Exploring Multi-Table Retrieval Through Iterative Search

TL;DR

Open-domain QA over datalakes requires retrieving and coherently composing information from multiple tables, which motivates an iterative, join-aware retrieval paradigm. The authors propose a general iterative search framework and a concrete Greedy Join-Aware Retrieval algorithm that balances relevance, coverage, and joinability via a marginal-gain utility. Empirical results on NL2SQL benchmarks show the iterative method achieves competitive retrieval performance relative to MIP-based JAR while delivering 4x–400x faster runtimes, demonstrating scalability and practicality for composition-aware retrieval. This work suggests that iterative heuristics can enable scalable, interpretable multi-table retrieval for data-lake QA and opens avenues for extending to unions and hybrid solver approaches.

Abstract

Open-domain question answering over datalakes requires retrieving and composing information from multiple tables, a challenging subtask that demands semantic relevance and structural coherence (e.g., joinability). While exact optimization methods like Mixed-Integer Programming (MIP) can ensure coherence, their computational complexity is often prohibitive. Conversely, simpler greedy heuristics that optimize for query coverage alone often fail to find these coherent, joinable sets.
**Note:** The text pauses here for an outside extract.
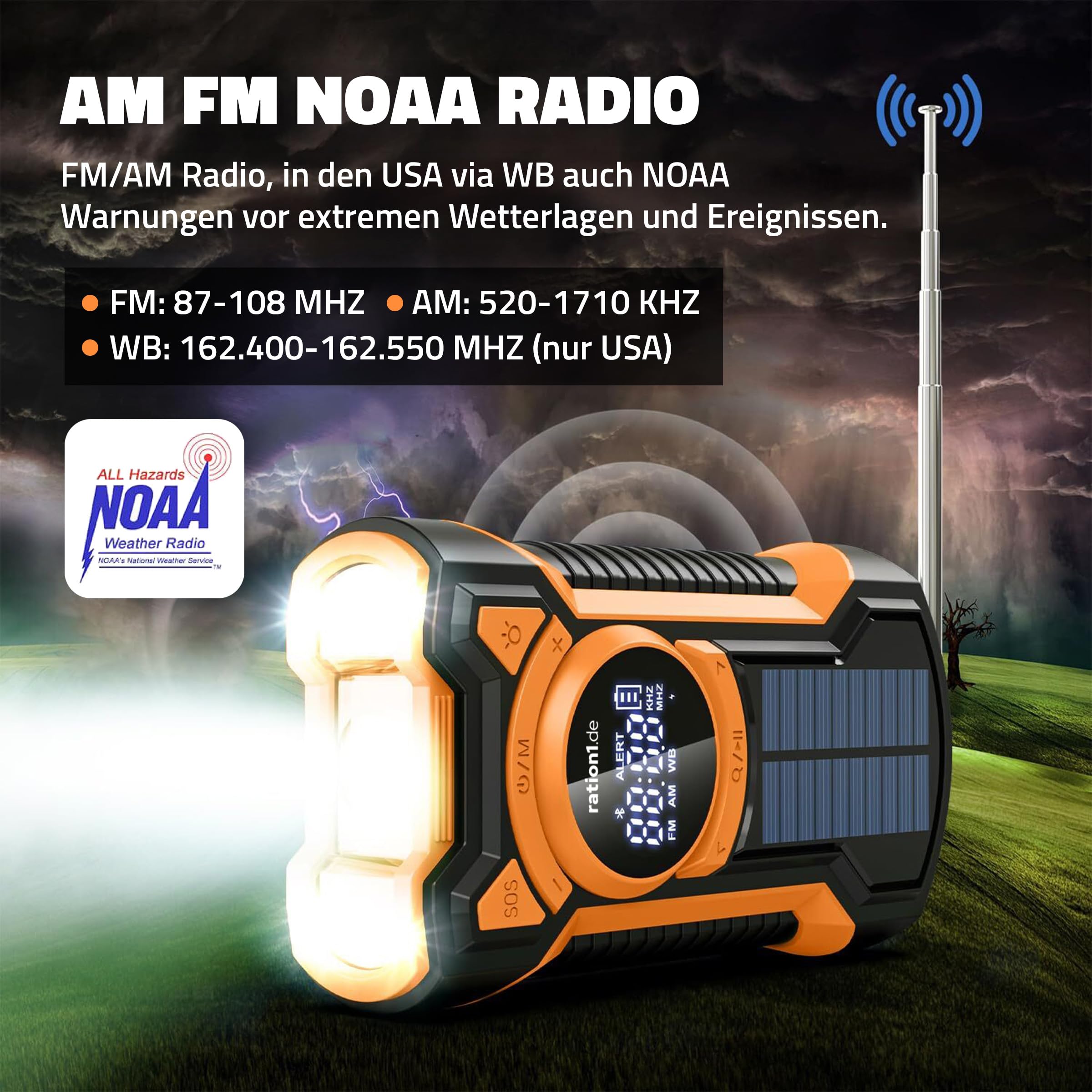 ration1 Kurbelradio mit Solar und Powerbank – Notfallradio mit 5000 mAh, Bluetooth, SOS-Alarm & LED Taschenlampe | AM/FM/WB | IPX5 Spritzwasserfest | Stoß- & Staubgeschützt | Camping Outdoor Blackout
This paper frames multi-table retrieval as an iterative search process, arguing this approach offers advantages in scalability, interpretability, and flexibility. We propose a general framework and a concrete instantiation: a fast, effective Greedy Join-Aware Retrieval algorithm that holistically balances relevance, coverage, and joinability. Experiments across 5 NL2SQL benchmarks demonstrate that our iterative method achieves competitive retrieval performance compared to the MIP-based approach while being 4-400x faster depending on the benchmark and search space settings. This work highlights the potential of iterative heuristics for practical, scalable, and composition-aware retrieval.